VIII. Les insulaires n’étaient pas les moins adonnés à la piraterie. Tels étaient les Cariens et les Phéniciens ; ils occupaient la plupart des îles : on en a une preuve. Quand les Athéniens, dans la guerre actuelle, purifièrent Délos et qu’on enleva tous les tombeaux, on remarqua que plus de la moitié des morts étaient des Cariens. On les reconnaissait à la forme de leurs armes ensevelies avec eux, et à la manière dont ils enterrent encore aujourd’hui les morts. Mais quand Minos eut établi une marine, la navigation devint plus libre : il déporta les malfaiteurs qui occupaient les îles, et dans la plupart il envoya des colonies. Les habitans du voisinage de la mer, ayant acquis plus de richesses, se fixèrent davantage dans leurs demeures, et plusieurs s’entourèrent de murailles, devenus plus opulens qu’ils ne l’avaient été. L’inégalité s’établit ; car épris de l’amour du gain, les plus faibles supportèrent l’empire du plus fort ; et les plus puissans, qui jouissaient d’une grande fortune, se soumirent les villes inférieures. Telle était en général la situation des Grecs, quand ils s’armèrent contre les Troyens.

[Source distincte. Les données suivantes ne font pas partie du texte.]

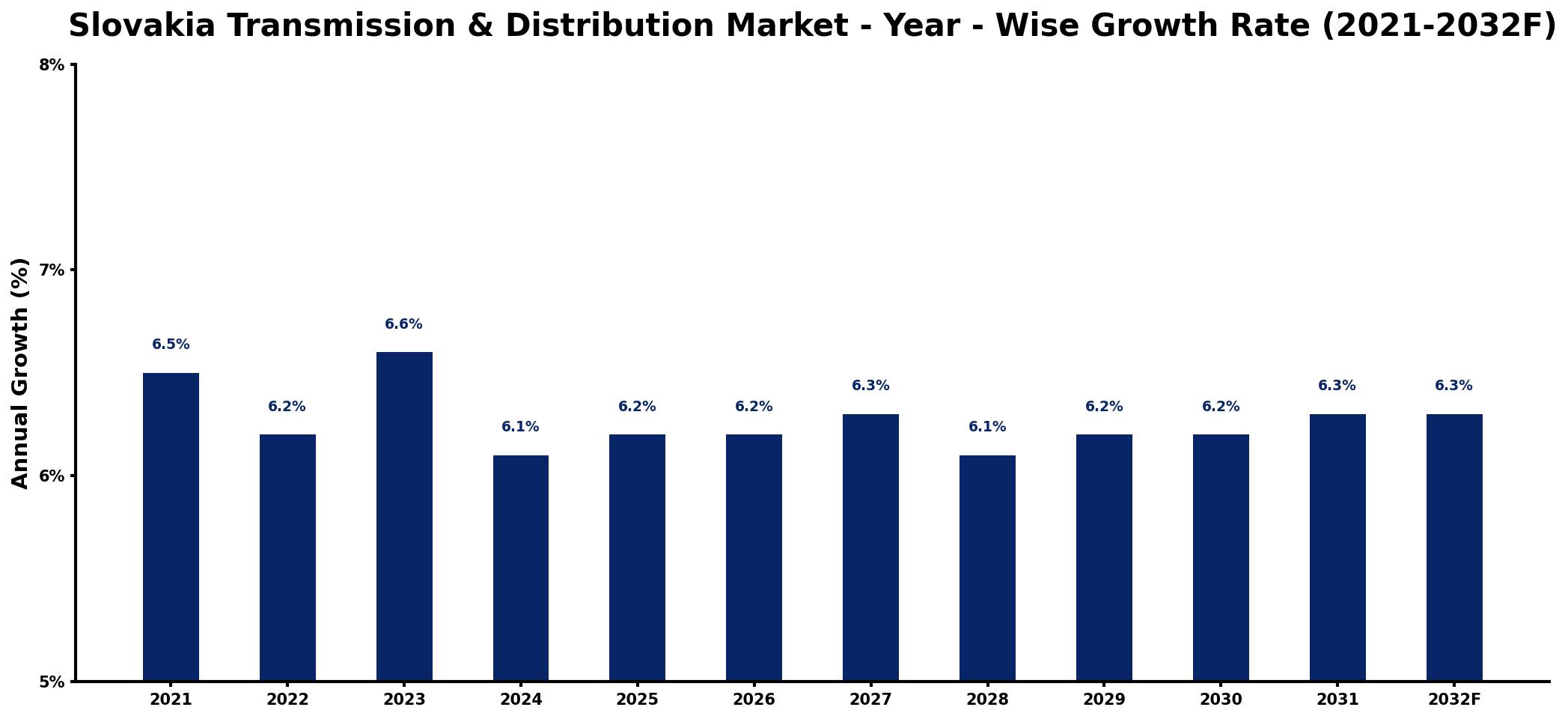 Slovakia Transmission & Distribution Market Year-wise Growth Rate and Key Drivers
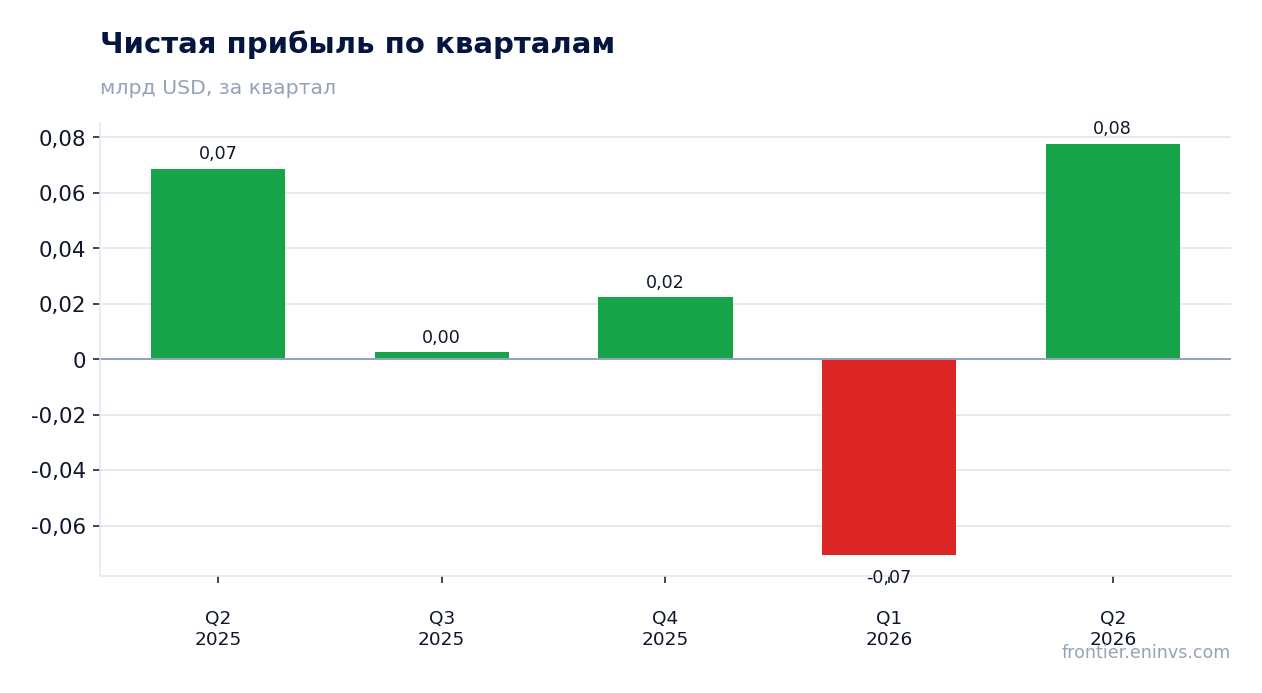Чистая прибыль по кварталам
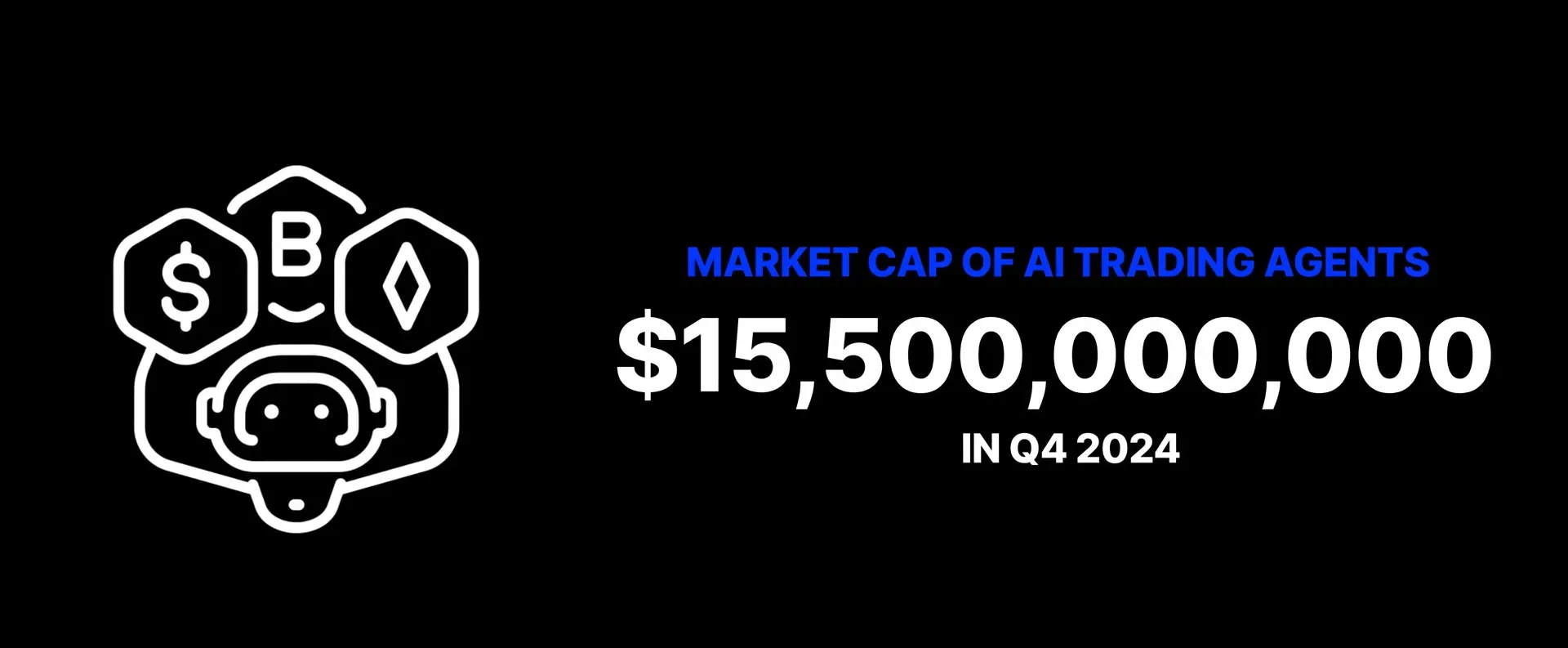 Growth of AI trading agents market cap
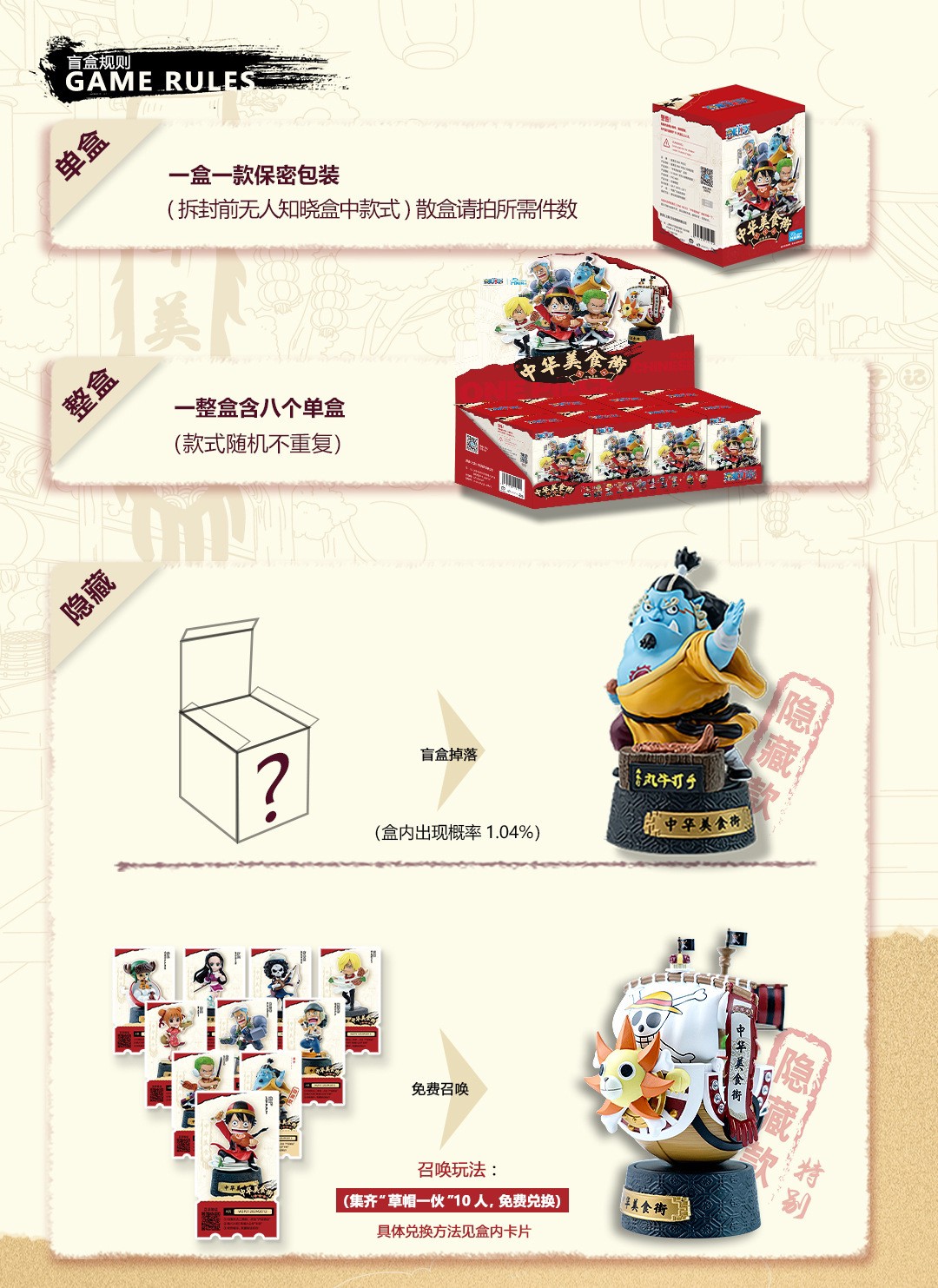 One Piece China Street Food Series By Win Main (Set of 9+2secret)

IX. Si Agamemnon parvint à rassembler une flotte, je crois que ce fut bien plutôt parce qu’il était le plus riche des Grecs de son temps, que parce que les amans d’Hélène, qu’il conduisait, s’étaient liés par un serment fait entre les mains de Tyndare[1]. Ceux qui, sur le rapport des anciens, ont le mieux connu les traditions dont les peuples du Péloponnèse conservent le souvenir, disent que Pélops s’établit une puissance sur des hommes pauvres, par les grandes richesses qu’il

  1. Hélène, fille de Tyndare, quoiqu’elle eût déjà été enlevée par Thésée, fut recherchée par la plupart des rois de la Grèce. Son père craignait, en donnant la préférence à l’un des concurrens, d’exciter contre lui-même et contre son gendre le ressentiment de tous les autres. Ulysse le tira d’embarras : il s’était mis sur les rangs par point d’honneur ; mais il aimait Pénélope, fille d’Icare, et il promit à Tyndare de le délivrer de ses inquiétudes, s’il lui procurait la main de cette princesse. Le vieillard, par son conseil, fit prêter à tous les princes rivaux le serment de prendre les armes en faveur de celui d’entre eux qui serait préféré, s’il arrivait que quelqu’un troublât les douceurs de son mariage. (Apollodori Bibliolh., I. iii, c. x.) Ulysse, par l’entremise de Tyndare, épousa Pénélope. Hélène fut accordée à Ménélas, et quand Paris l’eut enlevée, tous les rois furent obligés, par leur serment, à venger son époux.